CONVERSA NO ALÉM XXIX - FAZENDO ARTE
Conto Espírita
*Enoque Alves Rodrigues
Diminuta Profícua De Los Amores teve uma infância feliz e abastada. Seus pais, Jacinto e Ortiva eram donos da única farmácia existente na belíssima e progressista Cidade de Juramento, no triângulo mineiro. Probos e honrados proporcionaram a Diminuta educação exemplar e qualidades de vida que nenhuma menina naquela época e localidade possuía. Viviam no centro enquanto a escola onde Diminuta estudava ficava a alguns quarteirões de sua residência não obstante ser levada de carro com chofer particular todos os dias àquela instituição de ensino, aliás, a melhor dali. Garota de gestos simples até os doze anos quando todos, surpresos, notaram grandes transformações em sua vida. Dizia ela ver vultos e conversar com espíritos quem de longe a observava nenhuma diferença ou algo de anormal notava. Mas, ao dela se aproximar poder-se-ia claramente constatar que na verdade, aquele pequeno ser ainda em formação tinha algo de extraordinário á luz da realidade material que ainda hoje, quase nada explica. Ainda não possuímos olhos de ver e ouvidos de ouvir. Somos ainda escravos de nossa visão limitada e ultrapassada que o máximo que nos permite é vermos cada vez menor o nosso misero campo de visão. A noção que temos do mundo na atual encarnação em nada se compara ao que possuem os próprios animais aos quais chamamos de irracionais. Posso afirmar com os limites que a minha visão me permitem ver que eles, os animais, dispõem de uma vista incomensuravelmente superior a nossa, ditos racionais, de araque.

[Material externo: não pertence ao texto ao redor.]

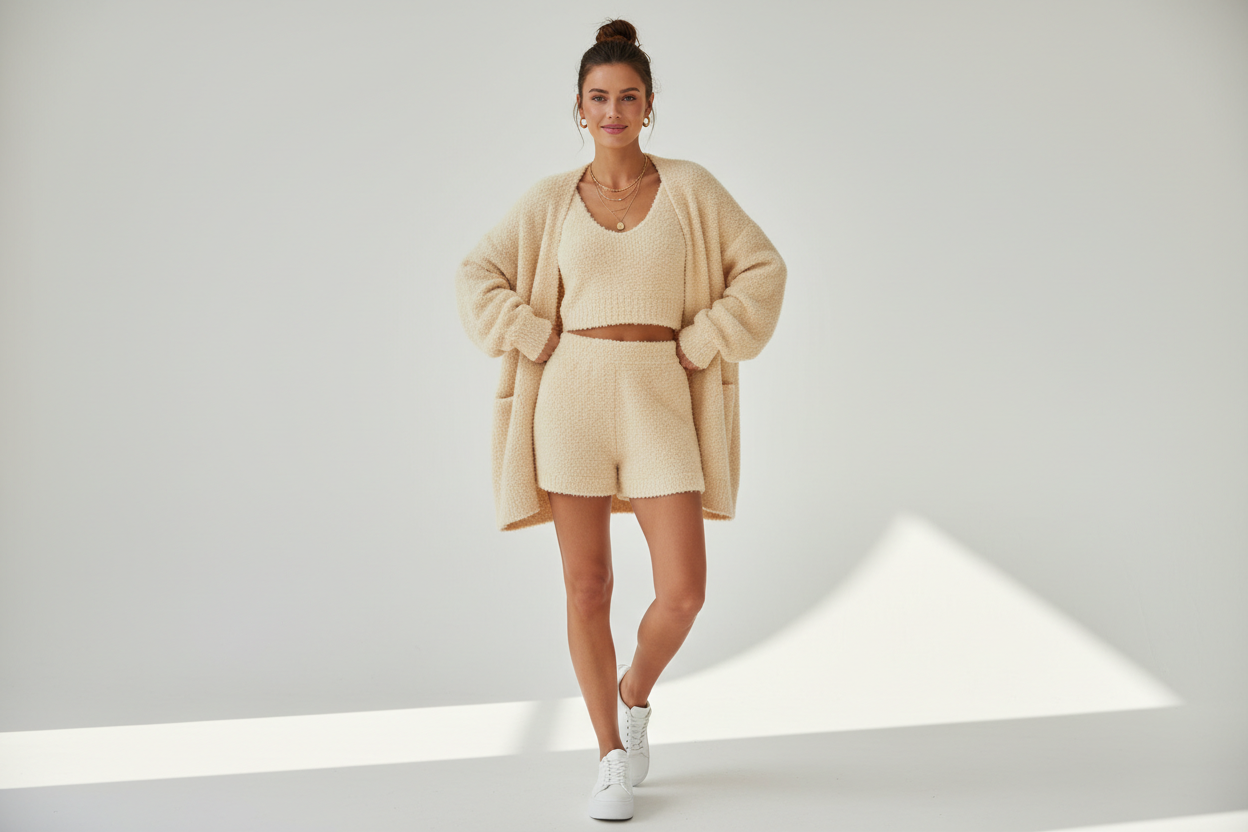 woman wearing a fuzzy cardigan, a chic sleeveless crop top vest, and comfortable…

- Dona Ortiva, a partir de hoje a Diminuta não pode mais vir á escola. Ela está falando com fantasmas em meio à classe e todos os alunos agora fogem de medo dela!

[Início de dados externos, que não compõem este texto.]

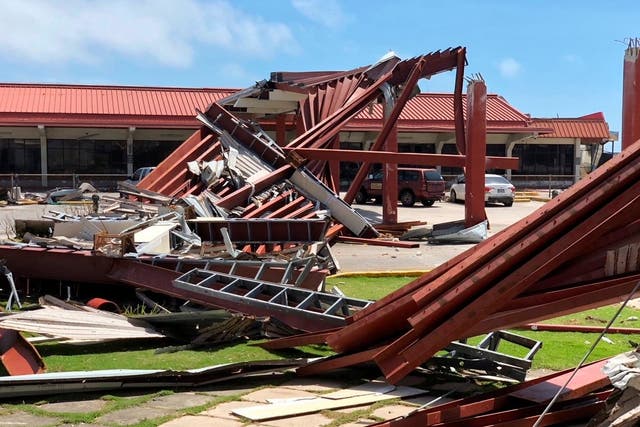 Extensive damage in evidence at Saipan Airport yesterday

- Nunca soube disso, respondeu dona Ortiva à mestra. Não sou obrigada a acreditar no que você me fala sem provas...
- Tudo bem, arguiu a professora, mas o certo é que não podemos mais ficar com sua filha na escola. Trata-se de ensino particular, com mensalidades altas e não podemos correr o risco de uma debandada. Não podemos perder os nossos alunos...
À noite, no aconchego do lar, ouviam-se naquela confortável casa o seguinte dialogo:
- Jacinto, não podemos abandonar nossa filha por motivo banal. Ainda que possuíssemos provas mesmo assim não seria certo nos afastarmos de nossa menina apenas por “falar com alguém a quem não vemos”. Acredito que cada um vê aquilo que Deus permite de acordo com sua fé e evolução. Se não vemos algo de estranho é por que não estamos preparados e sendo, assim, é melhor mesmo nada vermos!

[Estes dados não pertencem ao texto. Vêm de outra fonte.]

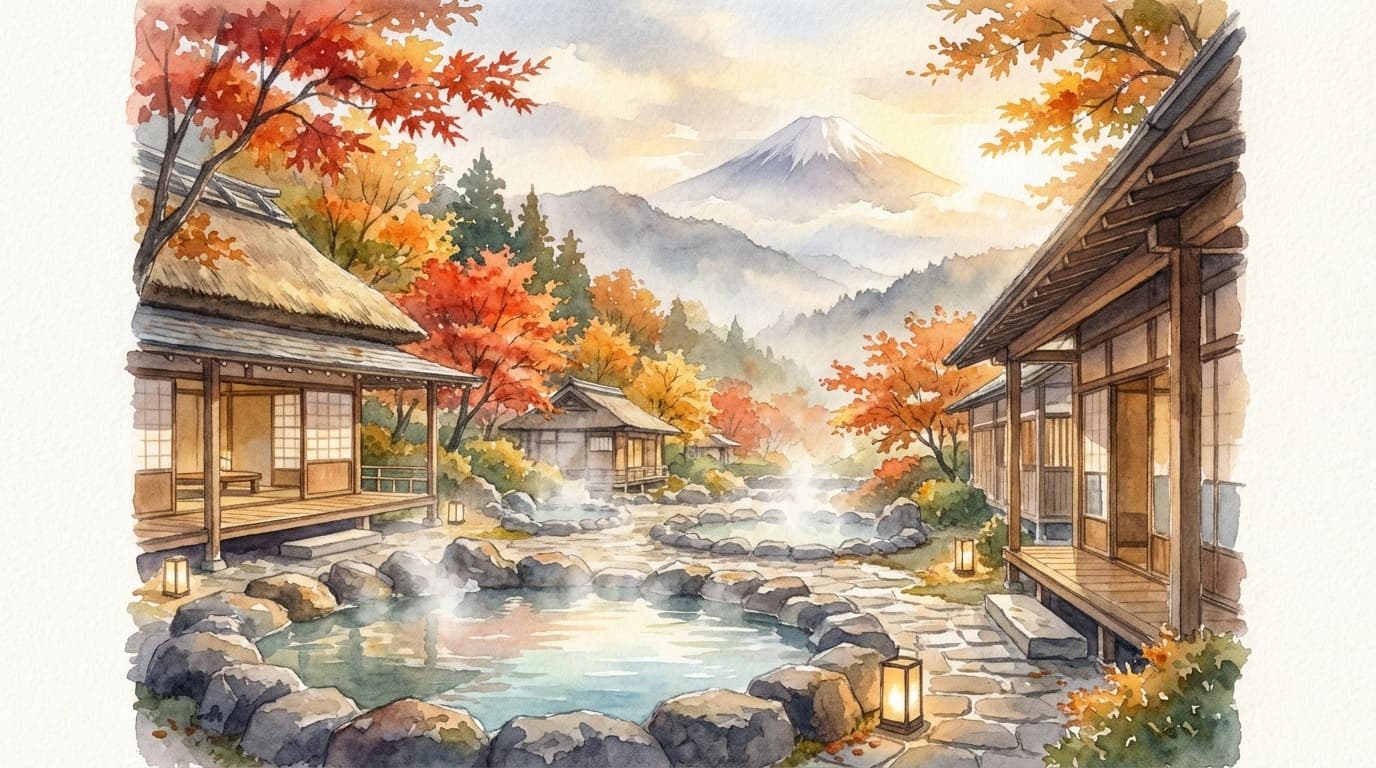 箱根温泉の露天風呂と富士山を望む水彩画風イラスト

- Entendo, respondeu-lhe Jacinto, mas as consequências, para nós, podem ser muito danosas e prejudiciais aos nossos negócios já que ninguém vai querer negociar com pai de “menina fantasma” ou com alguém que vê a quem “não tem cara!”.
A Diminuta, que a tudo ouvia, não foi difícil entender que estavam ali decidindo o seu destino. Sem querer ser um estorvo aos próprios pais naquela mesma noite saiu de casa. Para onde ela foi jamais se soube. Apenas que não se encontrava mais em Juramento que era uma cidade muito pequena para não nota-la.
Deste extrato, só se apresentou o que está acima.